Философия Гарри Поттера: Если бы Аристотель учился в Хогвартсе - Бэггет Дэвид. Страница 58
Гаральд Торсруд — ассистент философии университета штата Нью-Мексико. В свободное от дрессировки драконов и поедания шоколадных лягушек время изучает греческую и римскую философию. Неоднократно уличен в попытках внести в свой послужной список якобы имевшее место преподавание в Хогвартсе. Гаральд тем не менее не нуждается в заклинании Agitatio! для того, чтобы пробуждать студентов на своих занятиях.

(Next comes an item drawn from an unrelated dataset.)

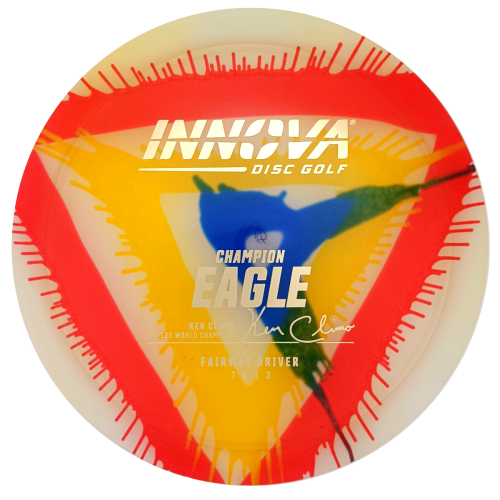 Ken Climo Champion Eagle Dyed 168g #12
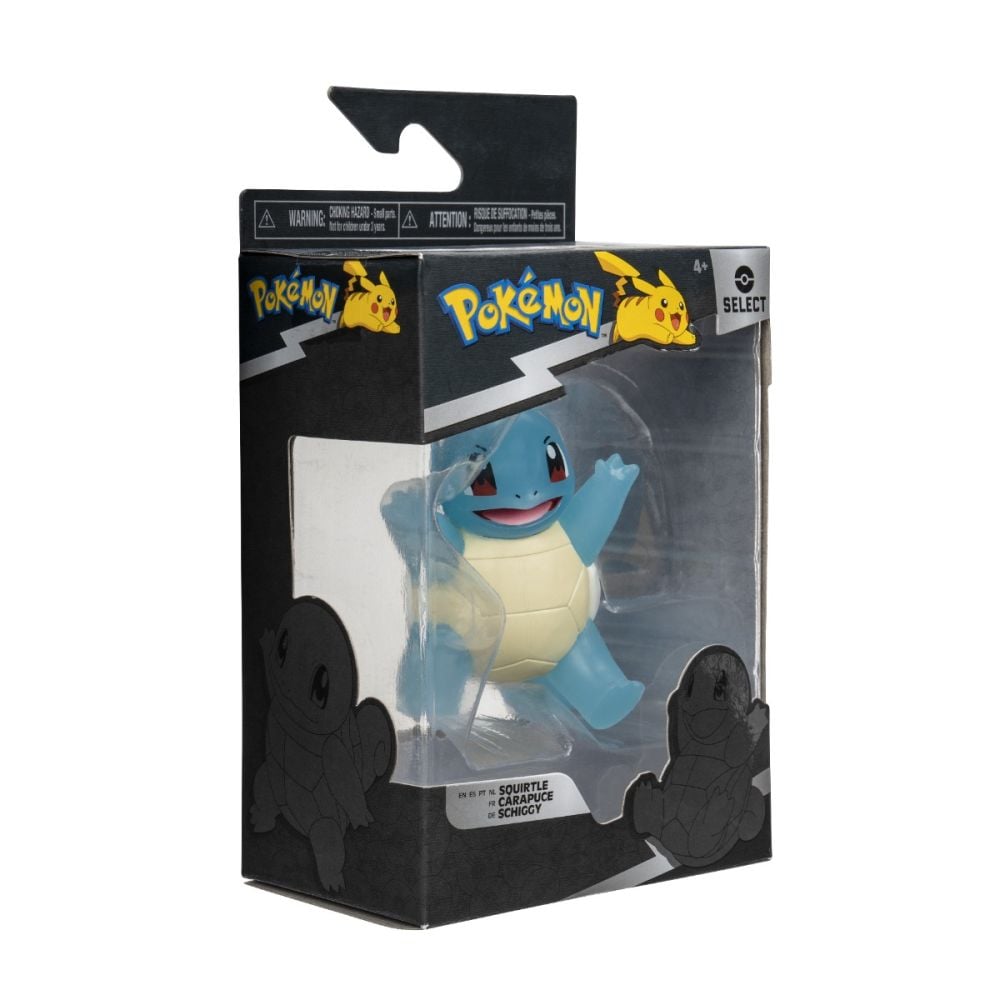 Figurina Pokemon, Select Translucent, Squirtle, 7 cm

Джерри Л. Уоллс — профессор философии религии при Теологическом семинаре в Уилморе, Кентукки. Старший научный сотрудник Института Морриса. Его четвертая книга «Рай: логика вечного наслаждения» опубликована в Оксфорде, а последняя, пятая «Почему я не кальвинист?» написана в соавторстве с Джо Донгеллом. Джерри любит размышлять о философии, разъезжая на своем автомобиле по задворкам Кентукки. Все еще надеется найти кнопку, которая заставит его машину взлететь.
Дженнифер Харт Уид — ассистент философии в Тиндейл-колледже, Торонто. Специализируется в области средневековой философии, современной метафизики и философии религии. Начиная с 1987 года пытается путем трансфигурации превратить себя в кошку. Дважды появлялась на обложке «Вестника ворожбы» как победительница в номинации «самый чарующий взгляд».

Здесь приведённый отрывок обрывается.